“PAYGO” (Pay-As-You-Go) refers to a budget enforcement rule designed to impose fiscal discipline: when lawmakers pass legislation that increases mandatory spending or reduces revenue without offsets, the excess must be “paid for” to prevent worsening the deficit.
Under the Statutory PAYGO Act of 2010, the Office of Management and Budget (OMB) tracks the net effects of enacted legislation on two rolling scorecards (5-year and 10-year). If, at the end of a congressional session, the net effect is a deficit increase, OMB must order sequestration – automatic across-the-board cuts to eligible mandatory programs – unless Congress acts to waive it.
However, not all programs are subject to PAYGO sequestration. Many major social safety net and so-called entitlement programs (e.g. Medicaid, Social Security, veterans’ benefits, Supplemental Nutrition Assistance Program) are exempt. Medicare, by contrast, is partly subject, but with a critical constraint: under law, Medicare payments subject to sequestration cannot be cut by more than 4 percent in a given year.
In effect, if the uniform percentage cut needed to balance the scorecard is higher than 4 percent, the Medicare cut is capped, and the remainder of the burden must be borne by other non-exempt mandatory programs.
Interestingly, although PAYGO is on the books, a statutory PAYGO sequestration has fully taken effect. Congress has historically circumvented the cuts by waiving the requirements, “wiping” the scorecard, or excluding newly enacted laws from the scorecard in order to avoid triggering automatic cuts. That said, the mechanism remains a latent and powerful fiscal backstop.
Enter H.R. 1: a sweeping reconciliation package that promises tax cuts, spending changes, and significant fiscal shifts. Key to its impact is that the Congressional Budget Office (CBO) and related analyses estimate it will increase the federal deficit substantially over the 10-year window, triggering the PAYGO enforcement mechanism unless Congress intervenes.
According to a fact sheet from House Democrats, H.R. 1 will trigger $535 billion in Medicare cuts over the next decade via the statutory PAYGO mechanism, applying uniform cuts to affected programs – but constrained by the existing 4-percent Medicare cap. KFF echoed this projection, warning that if Congress takes no further action, the deficit increase embedded in H.R. 1 could lead to roughly $500 billion in cuts to Medicare between 2026 and 2034.
The CBO, in its PAYGO analysis, explicitly estimates that the Medicare cuts would hit $45 billion in fiscal year 2026 under PAYGO implementation.

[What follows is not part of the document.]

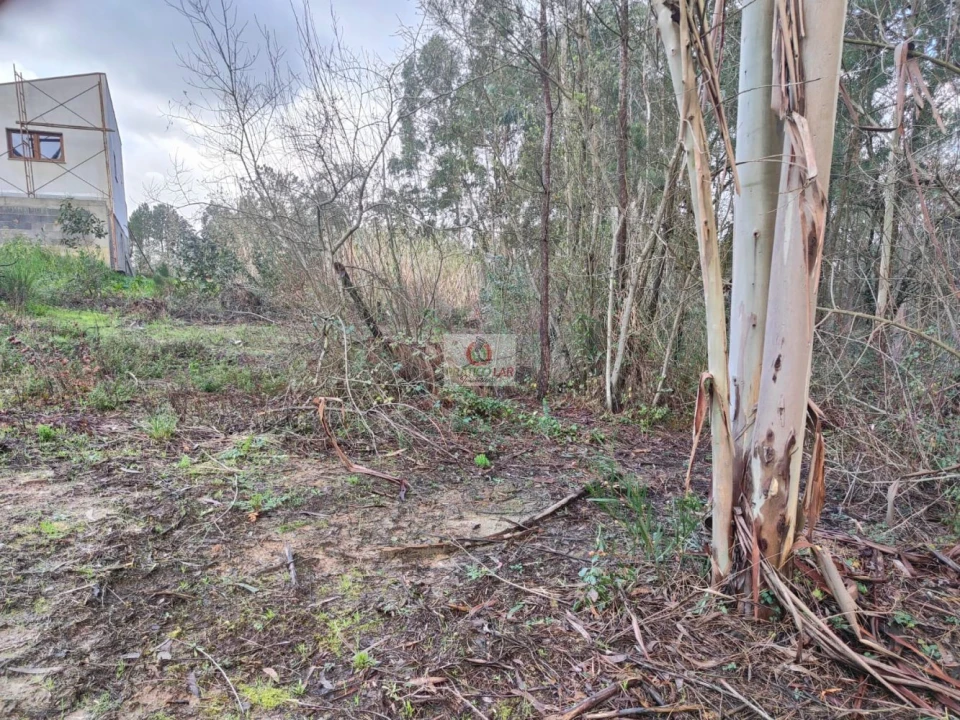 Terreno para Venda em Oiã Foto 7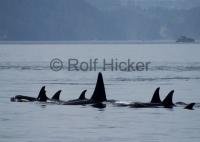 A large Killer Whale Family traveling together in Johnstone Strait, BC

Put simply: H.R. 1 is likely to push sequestration to the full 4-percent Medicare cap because (a) it is expected to raise the deficit significantly, (b) Medicaid and many safety-net programs are exempt from sequestration (so the burden falls more heavily on Medicare and other subject accounts), and (c) Medicare’s allowable cut is already capped at 4 percent.
Still, the structural forces are aligning: the H.R. 1 massive deficit posture, combined with the existing statutory framework capping Medicare cuts at 4 percent, means that 4 percent is not just plausible; it’s the ceiling that the mechanism will likely hit, unless policymakers intervene.